Kristallnacht had just rocked Nazi Germany. The pogroms killed dozens of Jews, burned hundreds of synagogues and imprisoned tens of thousands in concentration camps. Many historians see them as the start of Hitler's Final Solution.

KindertransportAmid the horror, Britain agreed to take in children threatened by the Nazi murder machine.

Seventy-five years ago this week, the first group of kids arrived without their parents at the English port of Harwich, and took a train to London's Liverpool Street Station.

Some 10,000 children, most but not all Jewish, would escape the Nazis in the months to come — until the outbreak of war in September 1939, when the borders were closed.

From London the children went to homes and hostels across Britain. But their parents — the few that eventually made it over — were placed in camps as "enemy aliens."

Many of the children settled in Britain, having found their families wiped out by the Nazis.
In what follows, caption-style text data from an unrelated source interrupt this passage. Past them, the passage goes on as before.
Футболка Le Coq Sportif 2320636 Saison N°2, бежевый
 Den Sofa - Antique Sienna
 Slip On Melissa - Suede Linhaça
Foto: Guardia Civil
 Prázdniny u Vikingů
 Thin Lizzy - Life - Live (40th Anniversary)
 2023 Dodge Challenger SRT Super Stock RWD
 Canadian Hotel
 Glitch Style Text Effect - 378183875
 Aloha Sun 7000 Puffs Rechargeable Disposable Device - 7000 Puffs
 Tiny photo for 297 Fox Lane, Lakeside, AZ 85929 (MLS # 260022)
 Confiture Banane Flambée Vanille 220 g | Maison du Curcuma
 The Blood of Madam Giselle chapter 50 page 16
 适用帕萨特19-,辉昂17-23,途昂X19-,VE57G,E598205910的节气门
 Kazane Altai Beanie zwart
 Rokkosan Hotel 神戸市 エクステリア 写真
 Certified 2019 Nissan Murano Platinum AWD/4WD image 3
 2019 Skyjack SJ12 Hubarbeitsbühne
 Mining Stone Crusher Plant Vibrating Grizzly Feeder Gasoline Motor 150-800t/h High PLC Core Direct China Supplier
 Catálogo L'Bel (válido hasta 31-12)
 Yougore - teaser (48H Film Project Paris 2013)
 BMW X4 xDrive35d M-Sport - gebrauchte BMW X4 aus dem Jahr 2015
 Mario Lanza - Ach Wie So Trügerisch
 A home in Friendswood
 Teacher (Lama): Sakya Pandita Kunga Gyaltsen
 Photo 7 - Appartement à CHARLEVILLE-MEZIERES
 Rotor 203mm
Monday is World Kindertransport Day, with events to mark the anniversary in many countries. These are the stories of five Kinder in their own words. The AP has removed some sentences for purposes of condensing their accounts.

OSCAR FINDLING, 91

My father was not a German citizen. On the night before Kristallnacht, he was arrested by the Gestapo.

That was the last I saw of my father.

As soon as we found out (about the Kindertransport), my mother went to where the committee was and put my name down. She wouldn't put my brother down because, she said, "I don't want to lose both my sons on one day."

I'll never forget the last words my mother said: "Will I ever see you again?"